Friday, September 12, 2008

Warning Label

So Rosie is at Oberlin, and she is hosting her first prospective student, or "prospie." Apparently hosts are given a few rules, such as:


  • Do not give drugs to your prospie (no matter how much they beg you)
  • Do not have sex with your prospie (no matter how much they beg you)
  • Do not have sex with someone else in close proximity to your prospie
"Rose," I moaned, "they have to tell you that?"

"Well," Rosie mused, "apparently some prospies come to visit wanting the whole college experience..."

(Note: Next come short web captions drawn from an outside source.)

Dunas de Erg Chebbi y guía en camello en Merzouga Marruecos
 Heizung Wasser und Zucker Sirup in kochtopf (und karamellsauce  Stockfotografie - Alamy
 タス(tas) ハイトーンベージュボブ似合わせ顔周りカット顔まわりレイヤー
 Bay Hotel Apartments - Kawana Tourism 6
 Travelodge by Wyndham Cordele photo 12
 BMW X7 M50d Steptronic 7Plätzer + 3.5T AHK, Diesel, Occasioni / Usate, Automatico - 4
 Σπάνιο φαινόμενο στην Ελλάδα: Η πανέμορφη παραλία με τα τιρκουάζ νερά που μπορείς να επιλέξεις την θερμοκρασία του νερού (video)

Now, did they have to warn the hosts about those forbidden actions in the mode of stating the obvious, like the WARNING - FLAMMABLE notice that they put on gas cans? Or are these warnings in reaction to prior events, like the admonition on the label for the frozen pizza that says "be sure to remove the cardboard from the bottom of the pizza before placing in oven," since anyone could get distracted and forget that step, and in fact lots of people probably have forgotten that step, and by forgetting that step they have created a situation which would result in the smoke alarms going off and their children laughing at them and never, ever forgetting that one little mistake...

Where was I? Oh, right, I wonder if these warnings should have a name, like, say, the "Pete Campbell Subset of Rules," in honor of that one overly hospitable host student...

Anyway, Rosie says that right now her worst problem is that "everyone in Asia House seems to go poop right when I'm brushing my teeth!"

"Sweetie," I gagged, "get yourself a spit cup. Honestly, that's too disgusting to contemplate."

"No," Rosie said, "no spit cup. For now, I'll just suck it up."

I had to disconnect the Skype because I have too active an imagination. The best thing about not being in college is that in your house, in your bathroom, the only poop you have to smell is your own.